Friday, March 1, 2013

World War One and Total War


            While World War One may not have been the first global war (the Seven Years War featured fighting in Europe, North America, Central Asia, and numerous naval skirmishes all across the globe), it was certainly the first total war.  To be considered a total war, a war must have profound impact on the daily lives of nearly every citizen in the combatant states.  Their social, political, economic, and cultural lives become directed by the state in such a manner that it benefits the military effort.

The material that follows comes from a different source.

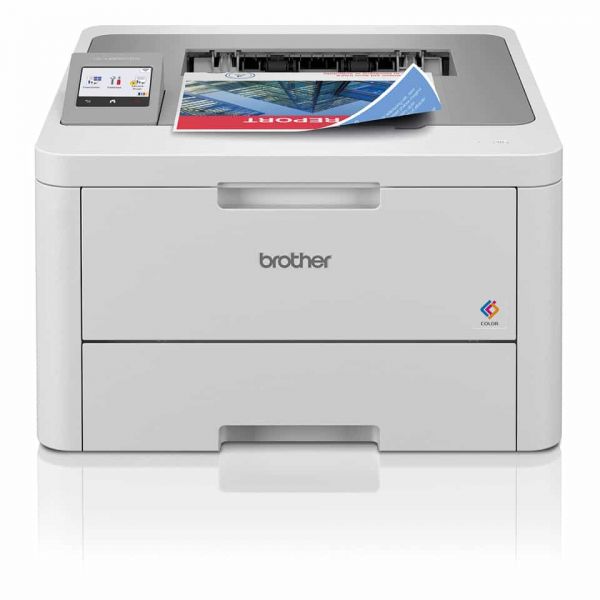 Brother HL-L8230CDW Kleur 600 x 600 DPI A4 Wifi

            Once the European powers realized that the war would not be over as quick as they initially believed, they had to make adjustments to the lives of their citizens in order to sustain what was quickly becoming a war of attrition.  In previous centuries, European states were perfectly equipped to wage war because nearly all political power was concentrated in the hands of a single individual, be it a king, queen, emperor, or empress.  By 1914, however, nearly every state had some sort of electoral system, although France and Britain were the only two countries with completely democratic institutions.  This popular form of governance, inherently slow, was not suitable for wartime.  Thus states quickly consolidated power not to oppress the citizenry, but to allow for the government to operate more quickly to address war needs.  As such, there were no elections in any combatant state during the entire duration of the war. 
            The nature of industry changed as well in the first era of total war.  Since industrial technology allowed for new battlefield innovations, a military-industrial complex began to emerge.  Governments began giving very lucrative military contracts to corporations, allowing them to grow very large as the government desired quick production and was willing to pay almost any price for new weapons of war.  Factories were completely redesigned to address the needs of the military as the government required a quick, streamlined, and steady flow of products to send to the front.
            Due to the need for quickly produced manufactured goods, the power dynamic within the industrial field changed.  While the factory owners gained significant influence in the government, the labor unions began to win political power as well, providing them their first success in decades.  As strikes would cripple the war effort, the industrial leaders were forced to give the union leadership a seat at the decision making table in order to ensure that production did not slow down.
            Culturally, the war changed the home front as total war shifted women into roles which typically were assigned to men.  As men were drafted into the military, women were needed to enter the factories in order to keep production moving at the clip the war effort required.  This allowed women to earn more money than they ever had in the past, granting them a sense of independence.  Men, on the other hand, were jammed with traditional gender role images, as they were instilled with the value of honor, courage, strength, and violence. 
            The sheer impact the war had on the collective psyche of Europe tore apart the liberal ideals which had dominated intellectual discourse for decades.  The liberal secularism and rationalism were thrown away in favor or renewed spiritualism as a reaction to the unimaginable violence and horror the war created.  The wave of death brought by the war exposed rationalism’s deepest flaw; no sense of afterlife.  The populace could not accept the rationalistic outlook when it did not dive life—which the war was revealing as very fragile—a sense of purpose. 
            The economic life of regular citizens also experienced changes during World War One.  Goods which were considered vital to the war effort, which was nearly everything, were rationale domestically in order to provide for the troops.  Home front citizens were also inspired and encouraged by propaganda to purchase war bonds to sustain the war effort.  Additionally, with the government funding the war effort by massive spending and foreign debt, inflation began to spread, often with the approval of the government, as it increased the ease of payment for tools of war.  When the war machine slammed to a halt in 1919, this inflation exploded across the continent, devastating the economies of almost every European nation.  It wiped out wages in the cities, driving urbanites towards socialism, while wiping out debt in the rural countryside, allowing for increased profits and a drift towards fascism to defend these profits from the socialists.
            World War One had a profound impact on the ways of life in nearly every European state.  Economic, political, social, and cultural changes which occurred either during or immediately after the war planted the seeds for the tumultuous inter-war years as well as setting some members of society (women and industrialists in particular) for a century of profound improvements and social and economic growth.